Risk-takers reap rich rewards
Having a failed business under your belt need not be a bad thing. Regardless of its success, the very fact of having started a business previously means that you are more likely to succeed in growing a large business, according to Tom Fleming, founder of UK-based venture capital fund, Venrex.
“People who have created a start-up before are simply more likely to build a unicorn”, Tom told guests at a recent Stonehage Fleming Future Wealth breakfast seminar: ‘Making multiples – outperforming as a Founder and Investor’. Failure, indeed, may be an advantage. “The fact they have failed shows that an entrepreneur must have been prepared to understand and embrace risk”, he said.
Furthermore, noted Tom, those with an aversion to risk often underperform with venture capital investment. “You are not going to respond well to venture money if you are uncomfortable with the feeling of being ‘diluted’. As your shareholding goes down proportionately, a founder can start to feel more like an employee and with it, lose some of the sense of being in control”.

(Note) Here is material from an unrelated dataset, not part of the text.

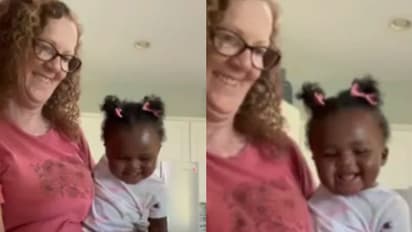 Viral Video: പച്ചക്കറി അരിയുമ്പോള് പൊട്ടിച്ചിരിക്കുന്ന കുരുന്ന്; വൈറലായി വീഡിയോ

According to Tom, performance can suffer if a founder feels unsettled by the presence of investors. “If a VC puts in half a million pounds for 20% of a business, the founders’ holding is automatically reduced to 80%. If for instance that share is split between three founders, they each own just over a quarter”, said Tom. “In the event of a further round of investment, suddenly the investors can end up owning more than the original founders. In our experience, that is where you can see underperformance”.
Those founders who embrace the risk they feel when investors come on board are those unafraid of trying new things, even if it means failing, explained Tom. “What we’ve learned from our outlier founders is that they constantly listen to their markets and have pivoted or changed their business plans accordingly – sometimes two or three times. Put simply, if you are risk averse you are less likely to build a big business”.
Venrex is a UK based venture capital fund that provides equity funding to start-ups and small businesses with a focus on technology enabled companies within the consumer retail and FinTech industries. Founded in 2002 by Mark Esiri and Tom Fleming, Venrex has invested in over 130 companies including notonthehighstreet.com, Orlebar Brown, Just Eat and Charlotte Tilbury. Venrex was a seed investor in Revolut, now valued at over 200 times the initial investment.